# Last minute tips for job hunting?



## listerd (Feb 28, 2009)

Hi - I am about to start some serious job hunting in Dubai. Do you guys have any last minute tips that I ought to say or mention? My tactic is to target specific companies that i think would you be interested in me (and vica versa).

Thanks for all help/advice!


----------



## mojoboy7 (Feb 1, 2009)

listerd said:


> Hi - I am about to start some serious job hunting in Dubai. Do you guys have any last minute tips that I ought to say or mention? My tactic is to target specific companies that i think would you be interested in me (and vica versa).
> 
> Thanks for all help/advice!


Hi there job hunting in Dubai can be easy or difficult but if you are an engineer or an architect then you will be hired easily.
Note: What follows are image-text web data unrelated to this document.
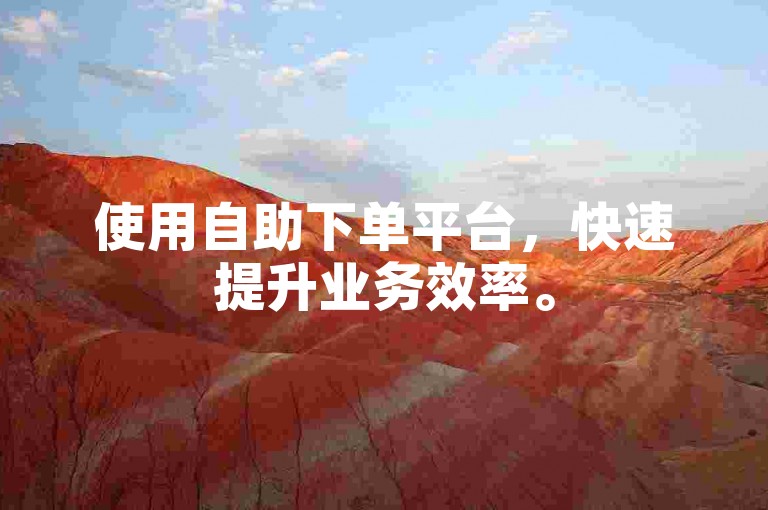 使用自助下单平台，快速提升业务效率。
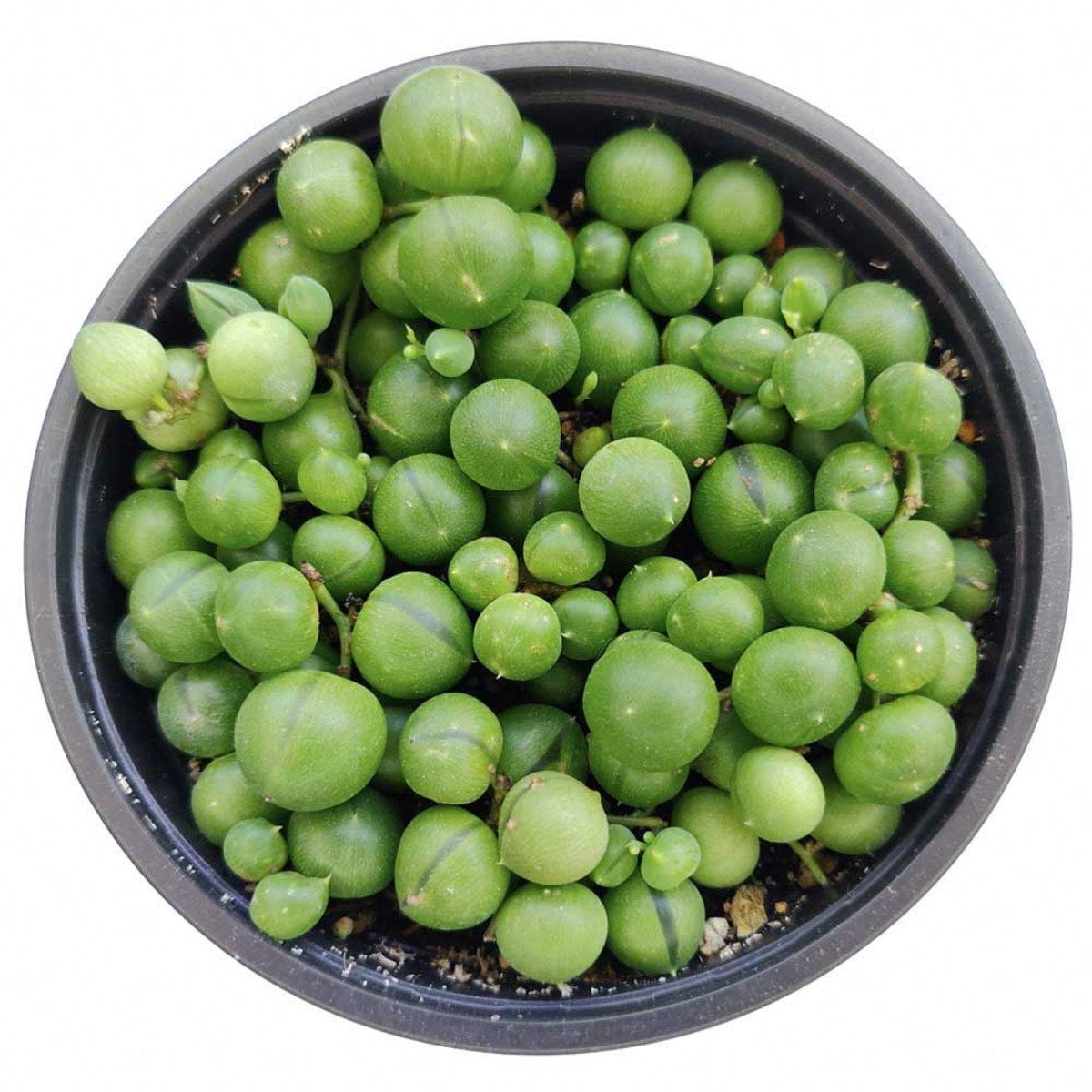Size Shop Succulents String of Pearls Succulent 2 Grower Pot Hand Selected for Health 2 inch
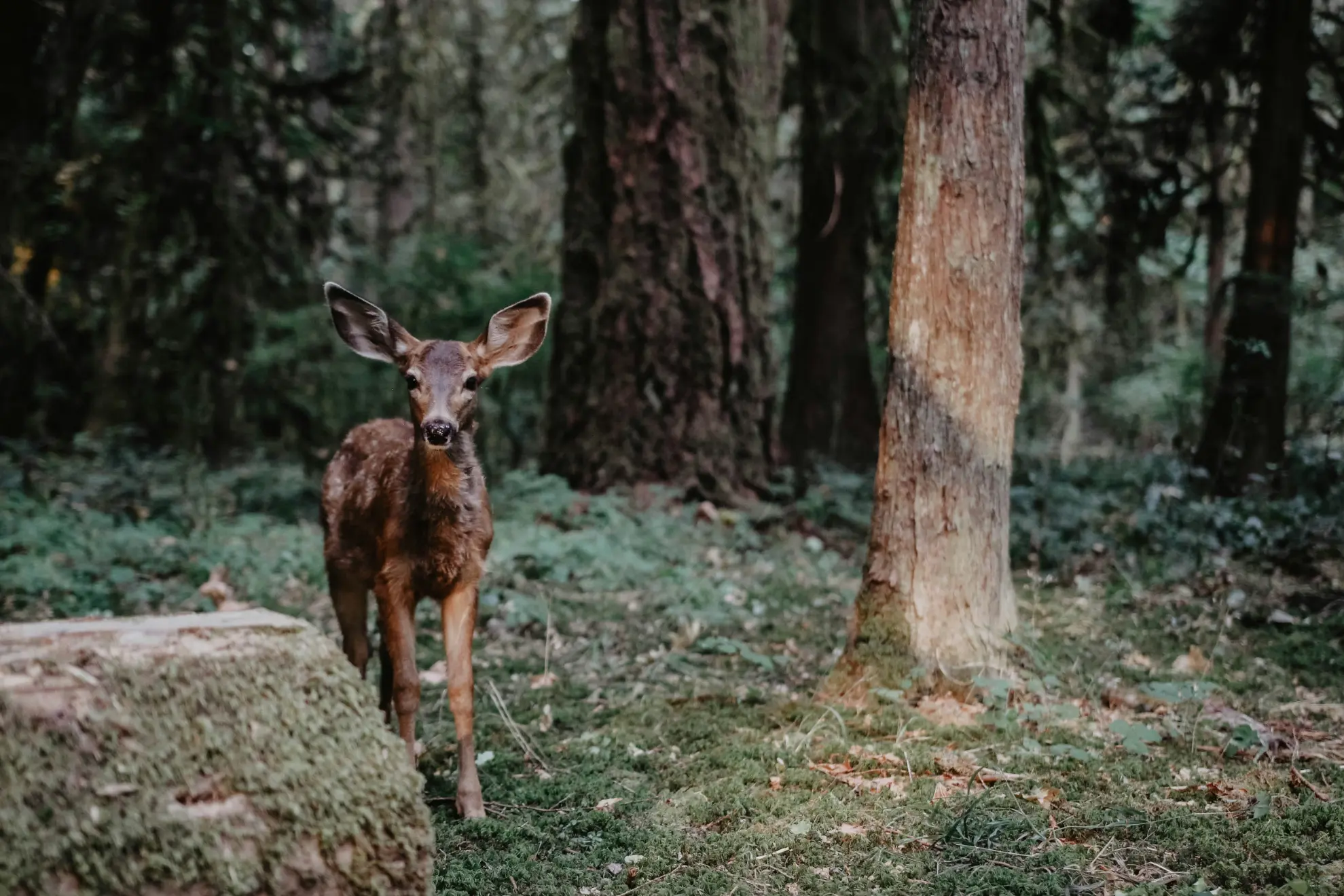 deer in the redwoods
One tip though is to re-work your CV with the qualifications posted in the job search. Take heart though if you are a European or with Arabic background job hunting for you is easy as abc.


----------



## Andy Capp (Oct 5, 2008)

Are you in Dubai?

Cos that makes such a difference, turning up on their doorstep means they can't ignore you....


----------



## mojoboy7 (Feb 1, 2009)

Another tip though is to try Abu Dhabi instead because some of our projects in Dubai were stalled and Abu Dhabi is still on a run. Real figure shows Abu Dhabi Construction companies are still hiring see bayt.com and monster.com.


----------